It was shine theory in action on the set, a supportive network of women pushing each other forward that helped to create a romantic comedy with a similar message.

There are love interests galore in Someone Great – Blair even has two, one of whom she has sex with in an office meeting room – but they’re resoundingly secondary. Luckily, co-star Stanfield was more than happy to stay one step behind Rodriguez at all times. “He was like ‘It’s all about you, ladies, and that’s badass,’” Robinson recalls.
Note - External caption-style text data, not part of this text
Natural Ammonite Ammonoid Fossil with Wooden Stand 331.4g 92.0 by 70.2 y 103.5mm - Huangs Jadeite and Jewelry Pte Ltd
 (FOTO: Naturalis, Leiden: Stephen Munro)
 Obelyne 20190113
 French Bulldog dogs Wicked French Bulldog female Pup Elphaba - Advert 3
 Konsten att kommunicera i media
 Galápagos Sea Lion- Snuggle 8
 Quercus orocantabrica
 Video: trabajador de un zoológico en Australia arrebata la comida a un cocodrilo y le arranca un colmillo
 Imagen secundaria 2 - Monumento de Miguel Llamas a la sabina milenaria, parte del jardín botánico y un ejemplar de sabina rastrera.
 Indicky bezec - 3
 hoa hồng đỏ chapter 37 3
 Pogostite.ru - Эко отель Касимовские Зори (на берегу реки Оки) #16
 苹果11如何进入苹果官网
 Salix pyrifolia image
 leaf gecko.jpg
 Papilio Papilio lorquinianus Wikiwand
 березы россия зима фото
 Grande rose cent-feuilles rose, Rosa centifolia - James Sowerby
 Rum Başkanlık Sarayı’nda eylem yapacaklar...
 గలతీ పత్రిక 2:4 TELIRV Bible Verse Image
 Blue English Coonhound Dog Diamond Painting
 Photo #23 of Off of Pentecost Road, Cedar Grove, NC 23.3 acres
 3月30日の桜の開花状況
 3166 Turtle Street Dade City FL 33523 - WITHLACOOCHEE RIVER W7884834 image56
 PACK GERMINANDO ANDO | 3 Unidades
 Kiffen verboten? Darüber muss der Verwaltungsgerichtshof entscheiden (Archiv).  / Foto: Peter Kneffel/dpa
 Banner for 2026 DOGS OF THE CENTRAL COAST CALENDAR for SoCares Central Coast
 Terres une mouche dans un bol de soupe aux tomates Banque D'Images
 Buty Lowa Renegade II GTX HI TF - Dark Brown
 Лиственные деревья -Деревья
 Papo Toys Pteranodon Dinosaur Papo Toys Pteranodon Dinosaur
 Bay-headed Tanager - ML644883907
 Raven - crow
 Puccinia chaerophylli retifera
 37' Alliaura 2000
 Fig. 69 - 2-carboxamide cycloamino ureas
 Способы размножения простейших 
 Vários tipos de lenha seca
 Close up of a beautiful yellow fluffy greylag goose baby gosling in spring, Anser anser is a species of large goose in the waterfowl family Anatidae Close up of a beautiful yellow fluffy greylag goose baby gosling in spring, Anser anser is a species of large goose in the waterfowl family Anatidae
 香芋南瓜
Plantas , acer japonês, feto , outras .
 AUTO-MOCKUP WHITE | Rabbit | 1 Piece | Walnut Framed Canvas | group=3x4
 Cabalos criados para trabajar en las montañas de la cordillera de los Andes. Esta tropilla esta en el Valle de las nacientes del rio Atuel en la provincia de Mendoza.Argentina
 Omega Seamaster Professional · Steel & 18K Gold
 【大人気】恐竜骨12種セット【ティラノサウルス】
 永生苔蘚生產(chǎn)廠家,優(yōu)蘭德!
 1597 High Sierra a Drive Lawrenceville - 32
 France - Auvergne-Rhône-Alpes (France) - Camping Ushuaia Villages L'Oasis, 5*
As Rodriguez puts it: “I was very proud to work across an actor that would uplift a woman’s story  and not be like, ‘Hey, where’s my line and my magical ending?’” 

Credit: Netflix

Similarly, Robinson says that though the movie is loosely based on a horrific breakup of her own, the film isn’t about that relationship or that man. “I got dumped when I was like 21 in New York and instead of being upset about it, I got very drunk with my friends and had a great night. So it was born out of that,” she explains. “But there’s nothing about the guy that’s in this movie. He broke up with me and I’m not going to put him on screen like that. This is a story about me.”

As a result, Someone Great is maybe the next great romantic comedy about female friendship. The love story in this movie isn’t about a guy, it’s about three best friends; the grand gesture isn’t a woman running into a man’s arms, but into the embrace of her closest confidantes.

“We’re reversing it,” Robinson says. “We’re taking the rom com and we’re saying that this movie is about these three women and that’s a different romantic comedy. And just because it’s not a man and a woman falling in love doesn’t mean it’s any less of a romantic comedy.”

She adds: “That’s what I think we need to be putting more on screen, because that’s what young women want. They watch these things and they’re like, OK, that’s my–”

Sisterhood,” Rodriguez finishes.

Someone Great streams on Netflix from 19 April.